Government Employees
McKesson also recommends that the benefit design for Federal Government employees be expanded to include disease management services. Focusing on conditions such as asthma, diabetes, congestive heart failure, and COPD can result in net reductions in health care costs and an improvement in the health status of employees or dependents with these conditions.
We believe that current and former military personnel also should be included in this initiative. The Veterans Health Administration (VHA) system is rapidly expanding and faces increased costs associated with providing care for veterans, particularly those who served in World War II and Korea.
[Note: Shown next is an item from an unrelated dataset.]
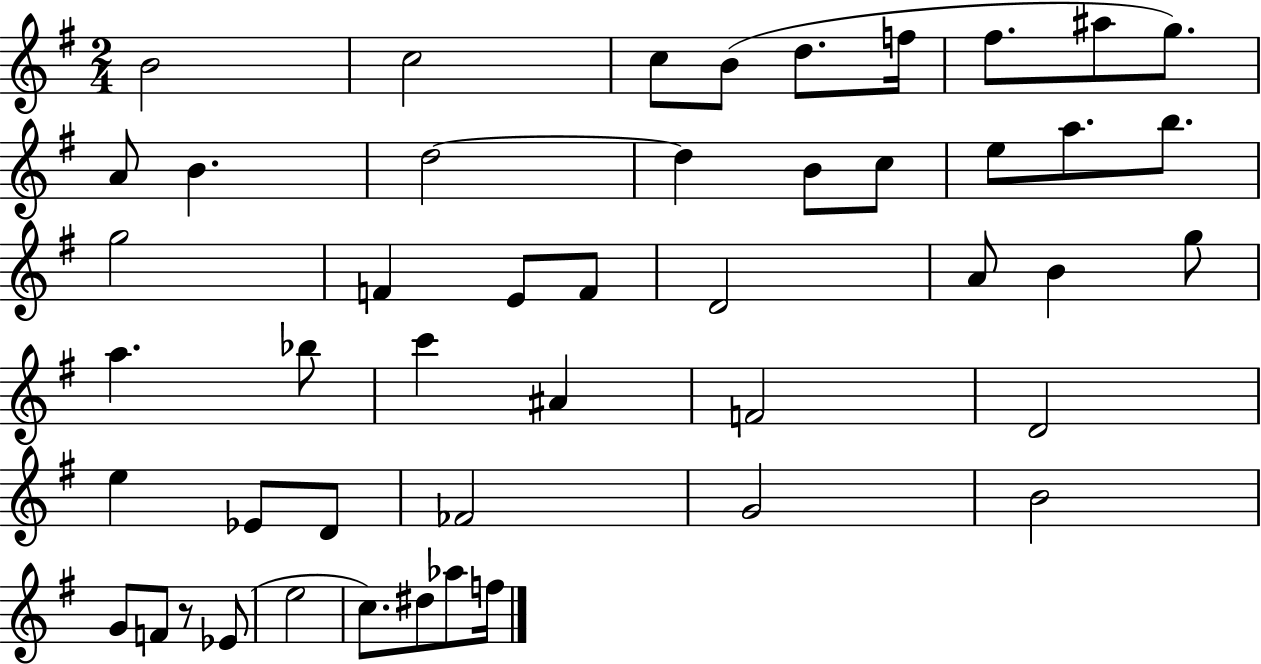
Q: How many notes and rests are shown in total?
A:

Tricare and the VHA are beginning to conduct pilot trials of disease management services and have solicited bids from companies including McKesson. We strongly support expansion of these trials with a focus on solutions that are scalable across wide geographic settings.
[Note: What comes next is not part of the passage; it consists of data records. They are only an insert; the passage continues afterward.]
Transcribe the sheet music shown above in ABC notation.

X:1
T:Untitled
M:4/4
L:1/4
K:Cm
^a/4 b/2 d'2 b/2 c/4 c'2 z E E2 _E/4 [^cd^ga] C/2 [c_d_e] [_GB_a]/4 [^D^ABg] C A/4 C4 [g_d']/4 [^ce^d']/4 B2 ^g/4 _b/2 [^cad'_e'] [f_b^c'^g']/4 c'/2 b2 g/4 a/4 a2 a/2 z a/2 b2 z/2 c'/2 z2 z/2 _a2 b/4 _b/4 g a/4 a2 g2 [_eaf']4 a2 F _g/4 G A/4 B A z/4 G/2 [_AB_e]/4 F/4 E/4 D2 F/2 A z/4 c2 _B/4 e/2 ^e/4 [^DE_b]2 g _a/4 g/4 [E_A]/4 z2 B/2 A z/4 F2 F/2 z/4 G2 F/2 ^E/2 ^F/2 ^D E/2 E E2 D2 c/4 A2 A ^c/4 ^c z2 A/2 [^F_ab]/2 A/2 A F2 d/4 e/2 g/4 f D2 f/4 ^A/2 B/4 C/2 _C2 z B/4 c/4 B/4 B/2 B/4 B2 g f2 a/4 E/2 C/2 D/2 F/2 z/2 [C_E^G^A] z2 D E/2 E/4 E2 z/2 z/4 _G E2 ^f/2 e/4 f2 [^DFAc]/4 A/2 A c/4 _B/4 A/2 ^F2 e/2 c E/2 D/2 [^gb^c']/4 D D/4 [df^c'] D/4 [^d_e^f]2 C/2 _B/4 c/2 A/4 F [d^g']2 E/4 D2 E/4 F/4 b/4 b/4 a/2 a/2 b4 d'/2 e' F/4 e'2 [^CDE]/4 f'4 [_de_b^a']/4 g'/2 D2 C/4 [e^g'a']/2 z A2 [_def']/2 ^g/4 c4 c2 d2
Rural, underserved populations
Disease management services are particularly relevant in underserved areas. For the 61 million Americans who live in rural settings, access to health care is an issue of major concern.[4] In these settings, investments to promote patient self-management and education are particularly fruitful. By increasing compliance and self-reliance, disease management can help lessen the demand and, therefore, the need, for scarce health care resources. Telenursing services in disease management programs are able to efficiently and economically overcome geographic barriers for care provision. Disease management services can act as a physician extender in these underserved areas. McKesson strongly recommends the implementation of disease management programs in rural, underserved areas and suggests pilot projects to demonstrate the effectiveness of disease management services in these settings.
Conclusion
Disease management has emerged as a private sector solution that provides incremental technology and professional resources to improve care for those with chronic conditions. These services improve the health of patients by decreasing symptoms and improving their quality of life. Disease management also reduces the frequency of emergency room visits and hospitalizations as patients learn to effectively manage their diseases. Overall, we believe that the savings from reductions in hospitalizations and emergency room visits outweighs the costs of delivering these programs.
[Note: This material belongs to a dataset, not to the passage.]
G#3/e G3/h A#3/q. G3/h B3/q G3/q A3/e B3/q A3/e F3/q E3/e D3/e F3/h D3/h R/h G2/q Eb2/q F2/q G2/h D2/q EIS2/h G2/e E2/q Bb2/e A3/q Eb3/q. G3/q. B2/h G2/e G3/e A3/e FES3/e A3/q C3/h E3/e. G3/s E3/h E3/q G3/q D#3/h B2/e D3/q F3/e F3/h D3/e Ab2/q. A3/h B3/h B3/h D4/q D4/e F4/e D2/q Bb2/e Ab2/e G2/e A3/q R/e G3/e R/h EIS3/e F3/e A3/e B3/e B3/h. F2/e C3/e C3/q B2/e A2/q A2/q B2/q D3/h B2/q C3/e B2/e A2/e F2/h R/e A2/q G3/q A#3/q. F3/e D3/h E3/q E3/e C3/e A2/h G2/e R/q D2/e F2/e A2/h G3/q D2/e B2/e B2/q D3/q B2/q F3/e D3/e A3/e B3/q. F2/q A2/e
McKesson urges the creation of a disease management benefit for Medicare recipients. The impact of these programs is greater for vulnerable populations such as the poor, elderly, and disabled, where the frequency and costs of chronic conditions are higher and health care delivery is generally highly fragmented. The outcomes-focused, evidence-based interventions provided in disease management programs improve patients’ ability to participate in their care and help physicians by reinforcing medical recommendations. As Congress grapples with improving the quality and delivery of health care, we support the greater utilization of disease management programs as a vital way to enhance care outcomes for the elderly while concurrently reducing the cost of delivering better care.
We look forward to working with members of this subcommittee as you address these important concerns.
[1] Board of Trustees of the Federal Hospital Insurance Trust Fund. Annual report of the Federal Hospital Insurance Trust Fund. Washington, D.C.: USGPO, 2000.
[2] Hoffman C, Schlobohm A. Uninsured in America: a chart book. 2nd ed. Washington, D.C.: Kaiser Commission on Medicaid and the Uninsured, March 2000.
[3] Medicaid: a primer. Washington, D.C.: Kaiser Commission on Medicaid and the Uninsured, 2001.
[4] National Rural Health Association. Annual Report 2000.